Compared to CPUs which latency-oriented architectures, GPUs mainly focus on overall throughput. The high GPUs throughput is achieved through concurrent execution of massive number of concurrent threads sharing identical kernel code. High throughput is achieved by hiding memory access latency across parallel threads. While some threads are waiting for their data or instructions, others can execute. To hide memory access latency, GPUs have dedicated hardware schedulers performing scheduling decisions at warp-level granularity. A warp (also called wavefront in OpenCL) is a group of threads sharing same Program Counter (PC) and executing in lock-step mode.
With trend toward using GPUs for a diverse range of applications (e.g. vision and scientific computing) new challenges have been raised. One of the main challenges is inter-warp conflicts in the shared resources including I$, D$ and compute unites. The conflicts in the shared resources mainly caused by inter-warp divergence which is uneven execution progress across the concurrent warps. Excessive inter-warp divergence may hinder GPUs to achieve their peak throughput. This motivates the need for approaches that manage inter-warp divergence, avoiding I$ conflicts, for divergence-sensitive benchmarks.

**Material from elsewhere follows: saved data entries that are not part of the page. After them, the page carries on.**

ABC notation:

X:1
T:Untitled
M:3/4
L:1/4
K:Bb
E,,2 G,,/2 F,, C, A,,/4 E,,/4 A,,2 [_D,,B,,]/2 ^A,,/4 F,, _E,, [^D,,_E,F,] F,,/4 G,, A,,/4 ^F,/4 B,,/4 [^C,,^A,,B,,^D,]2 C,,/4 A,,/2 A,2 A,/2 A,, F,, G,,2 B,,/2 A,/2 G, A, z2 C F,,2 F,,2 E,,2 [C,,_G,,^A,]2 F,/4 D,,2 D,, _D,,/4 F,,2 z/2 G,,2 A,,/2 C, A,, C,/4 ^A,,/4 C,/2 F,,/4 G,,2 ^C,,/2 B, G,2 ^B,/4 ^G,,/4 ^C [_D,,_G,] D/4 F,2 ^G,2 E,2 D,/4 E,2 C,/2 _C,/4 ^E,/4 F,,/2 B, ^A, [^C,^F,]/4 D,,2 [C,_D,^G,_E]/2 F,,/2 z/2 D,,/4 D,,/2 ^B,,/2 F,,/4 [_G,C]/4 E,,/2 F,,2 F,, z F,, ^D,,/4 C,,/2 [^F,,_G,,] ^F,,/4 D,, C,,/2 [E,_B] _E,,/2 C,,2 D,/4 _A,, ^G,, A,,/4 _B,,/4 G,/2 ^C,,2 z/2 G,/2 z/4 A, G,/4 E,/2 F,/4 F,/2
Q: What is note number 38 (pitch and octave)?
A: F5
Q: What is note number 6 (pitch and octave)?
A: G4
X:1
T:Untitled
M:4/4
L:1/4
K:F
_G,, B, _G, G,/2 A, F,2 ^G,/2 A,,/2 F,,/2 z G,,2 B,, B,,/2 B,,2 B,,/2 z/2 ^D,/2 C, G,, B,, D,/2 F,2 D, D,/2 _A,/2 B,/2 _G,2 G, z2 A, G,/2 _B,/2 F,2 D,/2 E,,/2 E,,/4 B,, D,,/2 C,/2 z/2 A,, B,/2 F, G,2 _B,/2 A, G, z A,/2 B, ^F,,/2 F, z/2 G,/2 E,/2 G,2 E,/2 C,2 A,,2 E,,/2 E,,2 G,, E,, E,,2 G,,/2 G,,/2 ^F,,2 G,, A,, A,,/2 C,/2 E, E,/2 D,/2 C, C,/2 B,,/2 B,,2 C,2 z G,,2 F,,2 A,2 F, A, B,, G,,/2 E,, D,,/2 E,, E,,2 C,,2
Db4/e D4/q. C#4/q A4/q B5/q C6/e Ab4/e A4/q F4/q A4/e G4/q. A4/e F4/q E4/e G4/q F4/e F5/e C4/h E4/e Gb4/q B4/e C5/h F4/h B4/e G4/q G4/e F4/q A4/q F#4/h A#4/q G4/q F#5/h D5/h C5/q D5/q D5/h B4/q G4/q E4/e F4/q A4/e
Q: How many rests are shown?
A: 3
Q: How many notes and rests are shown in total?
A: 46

The work will be based on our newly introduced concept: Warp Progression Similarity (WPS) which quantifies the temporal execution similarity of concurrent warps. We anticipate a conceptual trade-off between inter-warp divergence and IPC for the divergence-sensitive benchmarks with high inter-warp conflicts in I$. While both extremes hinder GPUs to achieve their peak IPC, we anticipate that maximum IPC is achieved with a medium inter-warp divergence. The aim of this project is to employ system-level design principles to manage the inter-warps conflicts in the GPU shared resources including I$ and D$.
Basic knowledge of computer architecture is a must! The candidates also need to be familiar with CUDA or OpenCL programming as well as C/C++. In addition, the basic understanding of GPU architecture is required. The student need to be interested in graduate-level research work.
Candidates will be engaged in a set of serious academic research on GPU architecture. They will learn a lot in area of architecture modeling, execution semantic of GPUs, as well as system-level design approaches to tackle complex architecture problems. They also learn the GPGPU-Sim simulator as one of the primary simulator for GPU platforms.